High-availability and Azure SQL Database

Azure SQL Database is highly available database Platform as a Service that guarantees that your database is up and running 99.99% of time, without worrying about maintenance and downtimes. This is a fully managed SQL Server Database Engine process hosted in the Azure cloud that ensures that your SQL Server database is always upgraded/patched without affecting your workload. Azure SQL Database can quickly recover even in the most critical circumstances ensuring that your data is always available.

Azure platform fully manages every Azure SQL Database and guarantees no data loss and a high percentage of data availability. Azure automatically handles patching, backups, replication, failure detection, underlying potential hardware, software or network failures, deploying bug fixes, failovers, database upgrades, and other maintenance tasks. SQL Server engineers have implemented the best-known practices, ensuring that all the maintenance operations are completed in less than 0.01% time of your database life. This architecture is designed to ensure that committed data is never lost and that maintenance operations are performed without affecting workload. There are no maintenance windows or downtimes that should require you to stop the workload while the database is upgraded or maintained. Built-in high availability in Azure SQL Database guarantees that database will never be single point of failure in your software architecture.

Azure SQL Database is based on SQL Server Database Engine architecture that is adjusted for the cloud environment in order to ensure 99.99% availability even in the cases of infrastructure failures. There are two high-availability architectural models that are used in Azure SQL Database (both of them ensuring 99.99% availability):

  • Standard/general purpose model that is based on a separation of compute and storage. This architectural model relies on high availability and reliability of storage tier, but it might have some potential performance degradation during maintenance activities.
  • Premium/business critical model that is based on a cluster of database engine processes. This architectural model relies on a fact that there is always a quorum of available database engine nodes and has minimal performance impact on your workload even during maintenance activities.

Azure upgrades and patches underlying operating system, drivers, and SQL Server Database Engine transparently with the minimal down-time for end users. Azure SQL Database runs on the latest stable version of SQL Server Database Engine and Windows OS, and most of the users would not notice that the upgrades are performed continuously.

Standard/General Purpose availability

Standard availability refers to 99.99% SLA that is applied in Standard/Basic/General Purpose tiers. High availability in this architectural model is achieved by separation of compute and storage layers and the replication of data in the storage tier.

The following figure shows four nodes in standard architectural model with the separated compute and storage layers.

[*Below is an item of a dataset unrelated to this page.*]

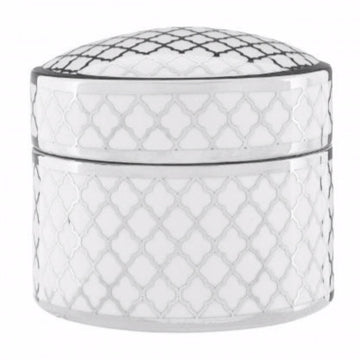 Clearance-Renne Silver & White Pattern Trinket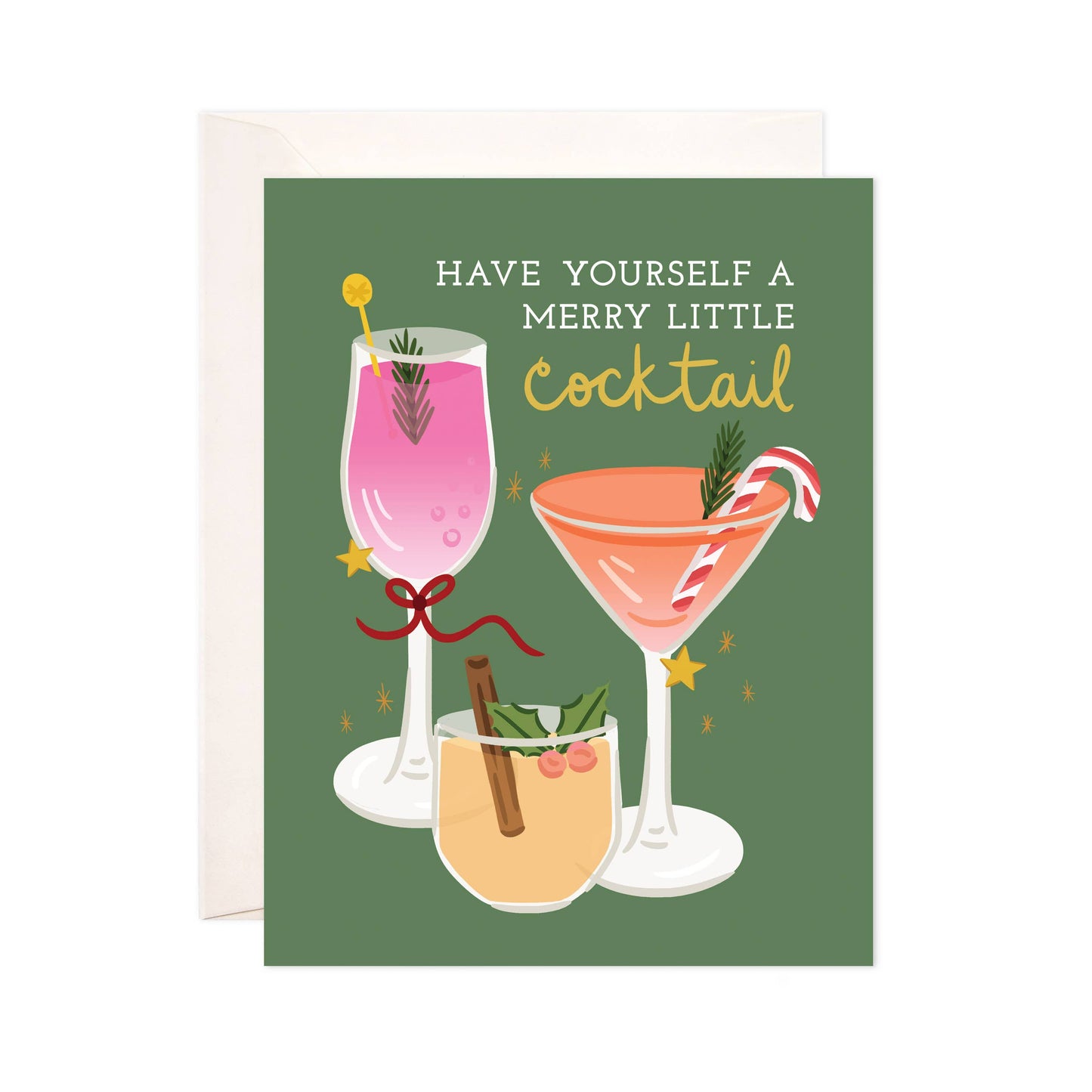 Bloomwolf Studio - Merry Cocktail Greeting Card - Cute Christmas Card: Single Card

Separation of compute and storage

In the standard availability model there are two layers:

  • A stateless compute layer that is running the sqlserver.exe process and contains only transient and cached data (for example – plan cache, buffer pool, column store pool). This stateless SQL Server node is operated by Azure Service Fabric that initializes process, controls health of the node, and performs failover to another place if necessary.
  • A stateful data layer with database files (.mdf/.ldf) that are stored in Azure Premium Storage Disks. Azure Storage guarantees that there will be no data loss of any record that is placed in any database file. Azure Storage has built-in data availability/redundancy that ensures that every record in log file or page in data file will be preserved even if SQL Server process crashes.

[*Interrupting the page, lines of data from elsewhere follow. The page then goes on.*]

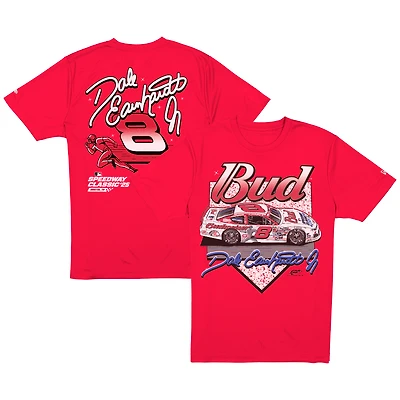 T-shirt rouge New Era Dale Earnhardt Jr. Budweiser x MLB 2025 Speedway Classic Car pour homme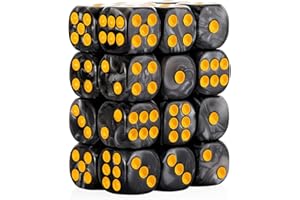 HANDAN 24 of Pack 16MM 6 Sided Dice Set,Pearl Pattern D6 Game Dice Set, 6 Sided Standard Dices for Yahtzee, Bunco or Teaching Math,with Portable Dice Pouch(Black Pearl)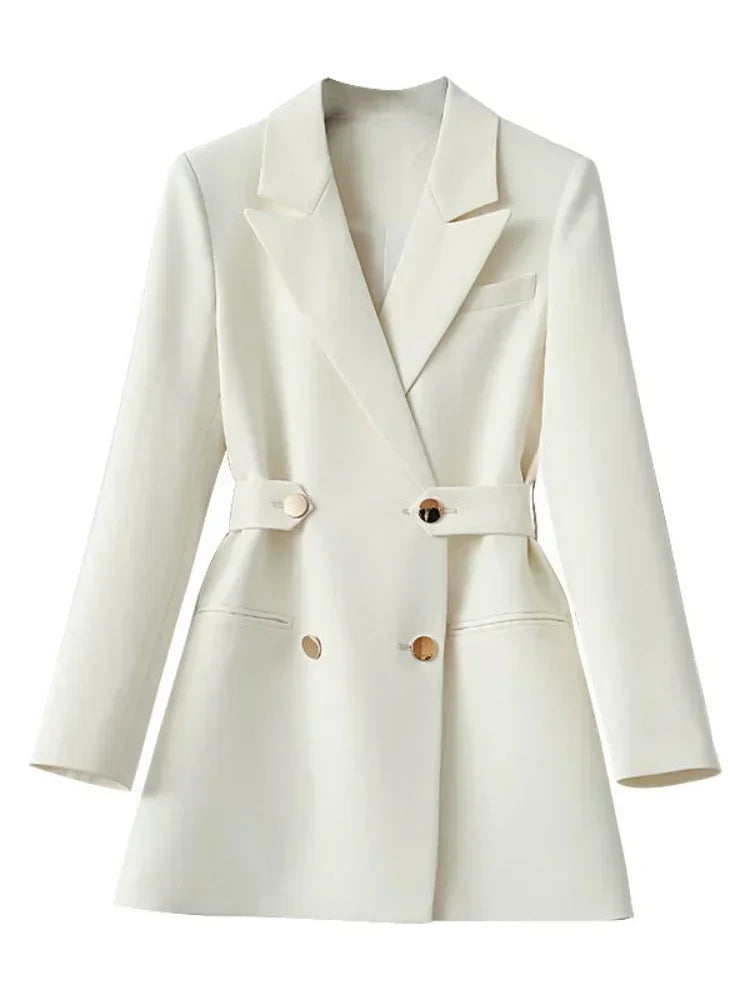 Women Suit Blazer Elegant Coat Spring Autumn Fashion Korean Blazer Luxury Double Breasted Jacket Solid Ladies Tops Clothes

Whenever database engine or operating system is upgraded, some part of underlying infrastructure fails, or if some critical issue is detected in Sql Server process, Azure Service Fabric will move the stateless SQL Server process to another stateless compute node. There is a set of spare nodes that is waiting to run new compute service in case of failover in order to minimize failover time. Data in Azure Storage layer is not affected, and data/log files are attached to newly initialized SQL Server process. Expected failover time can be measured in seconds. This process guarantees 99.99% availability, but it might have some performance impacts on heavy workload that is running due to transition time and the fact the new SQL Server node starts with cold cache.

Premium/Business Critical availability

Premium availability is enabled in Premium tier of Azure SQL Database and it is designed for intensive workloads that cannot tolerate any performance impact due to the ongoing maintenance operations.

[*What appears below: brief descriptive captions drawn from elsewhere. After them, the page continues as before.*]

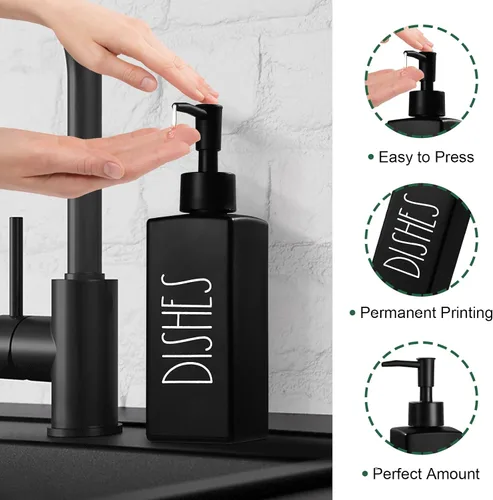 Miniatura 3 de Dispensador de jabón para platos, dispensador de jabón negro mate para cocina, dispensador de platos de vidrio con bomba, dispensador de botellas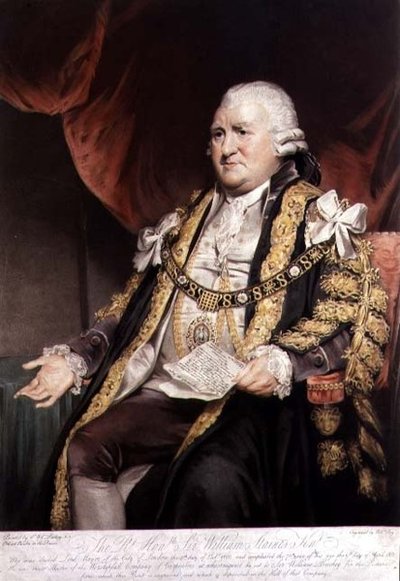 Portret van Sir William Staines, Burgemeester van Londen, gegraveerd en uitgegeven 1804 door William Say (1768-1834) door William (after) Beechey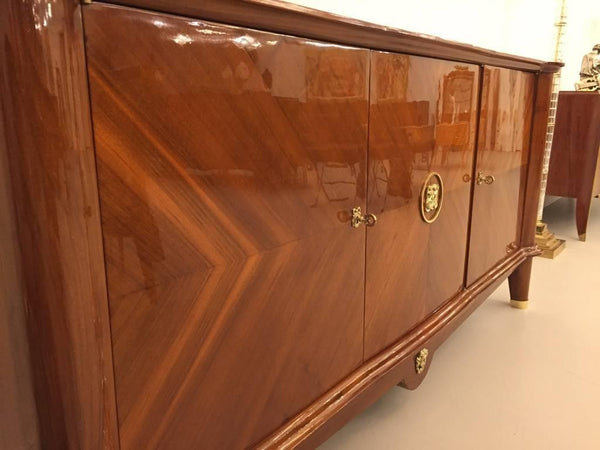 French Art Deco Buffet with Mermaid and Medusa Motifs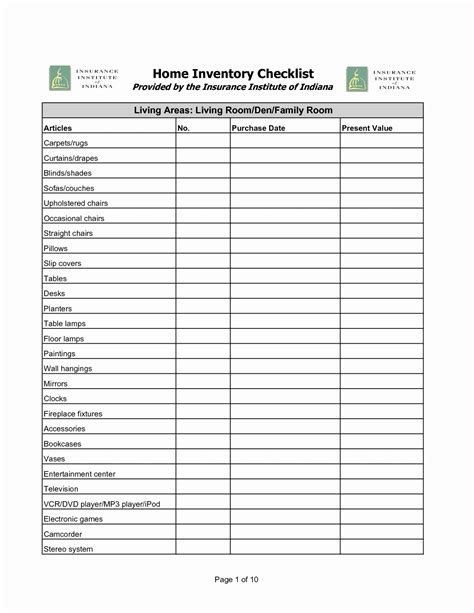 Probate Inventory Worksheets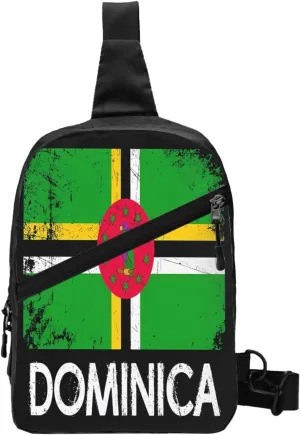 Vintage Dominican Dominica Flag Packable Crossbody Bag Portable Sling Bags Foldable Travel Daypack Reusable Sports Shoulder Backpack Diagonally Chest Bag for Workout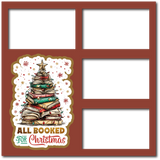 All Booked for Christmas - 4 Frames - Scrapbook Page Layered Overlay Kit
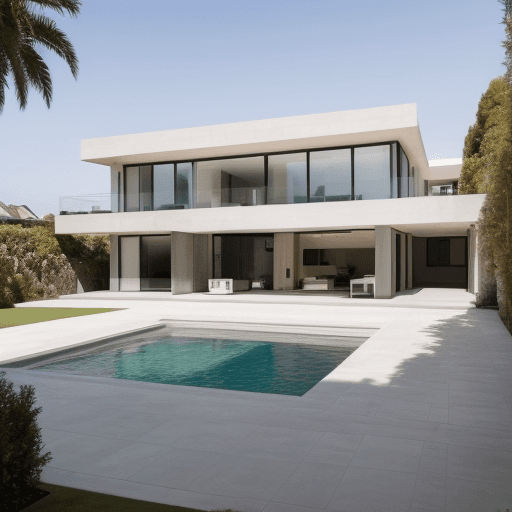 AI generated: Hyper realistic eye level exterior photo of emilia clarke modern style house wearing bikini half nak...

In the premium model, Azure SQL database integrates compute and storage on the single node. High availability in this architectural model is achieved by replication of compute (SQL Server Database Engine process) and storage (locally attached SSD) deployed in 4-node Always On Availability Groups cluster.

Cluster of database engine nodes

Both the SQL Server Database Engine process and underlying mdf/ldf files are placed on the same node with locally attached SSD storage providing low latency to your workload. High availability is implemented using standard Always On Availability Groups. Every database is a cluster of database nodes with one primary database that is accessible for customer workload, and a three secondary processes containing copies of data. The primary node constantly pushes the changes to secondary nodes in order to ensure that the data is available on secondary replicas if the primary node crashes for any reason. Failover is handled by the SQL Server Database Engine – one secondary replica becomes the primary node and a new secondary replica is created to ensure enough nodes in the cluster. The workload is automatically redirected to the new primary node. Failover time is measured in milliseconds and the new primary instance is immediately ready to continue serving requests.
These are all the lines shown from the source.